TASK BRIEF: Look for "Drive" in the records and copy every line that has it.

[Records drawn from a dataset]
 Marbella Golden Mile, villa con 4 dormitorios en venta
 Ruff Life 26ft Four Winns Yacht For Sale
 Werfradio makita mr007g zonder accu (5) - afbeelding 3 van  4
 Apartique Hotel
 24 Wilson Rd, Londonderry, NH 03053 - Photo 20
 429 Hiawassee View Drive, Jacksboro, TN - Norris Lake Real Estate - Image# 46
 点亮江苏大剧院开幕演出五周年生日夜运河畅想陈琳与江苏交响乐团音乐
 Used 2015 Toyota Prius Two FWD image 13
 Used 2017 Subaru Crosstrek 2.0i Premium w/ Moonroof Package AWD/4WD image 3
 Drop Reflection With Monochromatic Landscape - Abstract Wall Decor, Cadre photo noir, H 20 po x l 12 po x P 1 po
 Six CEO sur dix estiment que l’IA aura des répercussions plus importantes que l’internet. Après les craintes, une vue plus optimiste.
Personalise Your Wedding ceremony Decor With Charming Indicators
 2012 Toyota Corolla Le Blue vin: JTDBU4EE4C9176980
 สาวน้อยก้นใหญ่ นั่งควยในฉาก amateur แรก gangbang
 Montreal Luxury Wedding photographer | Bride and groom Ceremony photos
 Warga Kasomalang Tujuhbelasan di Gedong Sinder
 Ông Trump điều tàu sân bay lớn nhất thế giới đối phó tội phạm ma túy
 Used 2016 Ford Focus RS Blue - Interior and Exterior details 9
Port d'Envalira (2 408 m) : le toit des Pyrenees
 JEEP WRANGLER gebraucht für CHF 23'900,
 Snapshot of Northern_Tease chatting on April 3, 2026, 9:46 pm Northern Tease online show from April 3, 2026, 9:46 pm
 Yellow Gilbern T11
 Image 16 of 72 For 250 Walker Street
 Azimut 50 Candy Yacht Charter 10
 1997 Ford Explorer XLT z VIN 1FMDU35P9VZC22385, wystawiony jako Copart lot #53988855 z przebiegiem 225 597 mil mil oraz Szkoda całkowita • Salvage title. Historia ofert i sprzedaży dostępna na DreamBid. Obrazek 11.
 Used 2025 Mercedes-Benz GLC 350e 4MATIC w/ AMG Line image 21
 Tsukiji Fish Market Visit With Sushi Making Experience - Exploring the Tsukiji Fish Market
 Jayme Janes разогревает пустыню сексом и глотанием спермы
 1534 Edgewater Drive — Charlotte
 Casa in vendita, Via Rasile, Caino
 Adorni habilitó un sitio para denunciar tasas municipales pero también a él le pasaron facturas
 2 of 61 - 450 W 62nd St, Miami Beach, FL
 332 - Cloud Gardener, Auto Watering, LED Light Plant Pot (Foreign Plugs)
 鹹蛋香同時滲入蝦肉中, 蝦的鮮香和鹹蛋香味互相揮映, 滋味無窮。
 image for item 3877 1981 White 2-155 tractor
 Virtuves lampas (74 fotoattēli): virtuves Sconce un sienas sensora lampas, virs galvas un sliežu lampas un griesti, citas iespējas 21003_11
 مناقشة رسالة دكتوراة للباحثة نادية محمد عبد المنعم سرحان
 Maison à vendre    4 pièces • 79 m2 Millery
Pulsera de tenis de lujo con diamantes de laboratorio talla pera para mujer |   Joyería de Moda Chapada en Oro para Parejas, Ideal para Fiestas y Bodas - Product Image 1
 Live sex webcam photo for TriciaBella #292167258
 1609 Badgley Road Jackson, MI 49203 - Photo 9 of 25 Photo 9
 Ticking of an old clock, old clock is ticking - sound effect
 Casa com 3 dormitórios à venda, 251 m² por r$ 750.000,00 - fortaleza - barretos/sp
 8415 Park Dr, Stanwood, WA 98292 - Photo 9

ANSWER TO THIS PROBLEM:
 429 Hiawassee View Drive, Jacksboro, TN - Norris Lake Real Estate - Image# 46
 1534 Edgewater Drive — Charlotte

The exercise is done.